You remember searching for your father with Blacklock, Ulfghar, Hander and Nado through the crumbling alleyways of the Tenderloin Quarter.  The discovery of Lyat Gault’s mangled and bloodied corpse in the old warehouse had been the worst shock, of course.  The blood had pooled about his bound legs and was being swarmed with rats.  The stench of death had been heavy in the air.  Your father had died terribly, tortured and cut to ribbons, nearly unrecognizable.  

And as they dragged you raging from the building, Joffer had made his appearance.  The twelve black-cloaked murderers about him conveyed his intention and you remember the pure rage that had burst free and taken over.  You had attacked instantly, blindly striking forth.  And your companions had fought too, desperately trying to avoid the whirring blades of these shadow-clad men.   You remember seeing Hander opened from neck to groin, his shriek another notch in your list of betrayals.  You never saw what happened to Blacklock.  But you know you’ll never hear his ribald jests again.  They ended that night as well.  
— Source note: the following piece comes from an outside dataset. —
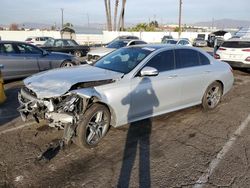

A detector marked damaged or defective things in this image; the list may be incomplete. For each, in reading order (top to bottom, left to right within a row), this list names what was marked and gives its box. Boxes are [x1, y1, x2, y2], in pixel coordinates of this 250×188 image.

bent hood [23, 64, 123, 99]
damaged white sedan [18, 44, 234, 148]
And you remember the biting agony across your chest from Joffer’s blade, the Chofa poison already torturing your flesh, burning its way into your bloodstream.  You remember Joffer’s smiling eyes and his words to you as you began to die: “Just like your interfering father, whelp.  Never knew when to quit. Greet him for me at the Crone’s Gate.”   You remember also Nado’s whirling blade, driving him back when you finally, mercifully faded away.

The memories come back, unbidden every night, and they haunt your dreams._


----------



## GreyOne (Nov 11, 2003)

“If we tarry on the road today, my friends, we will be caught in a storm I think.  If we ride hard there was an inn at the crossroads with the Fel’juk Road.  I saw it on the map that Khuritsa showed me the day before our leavetaking,” says Nado.   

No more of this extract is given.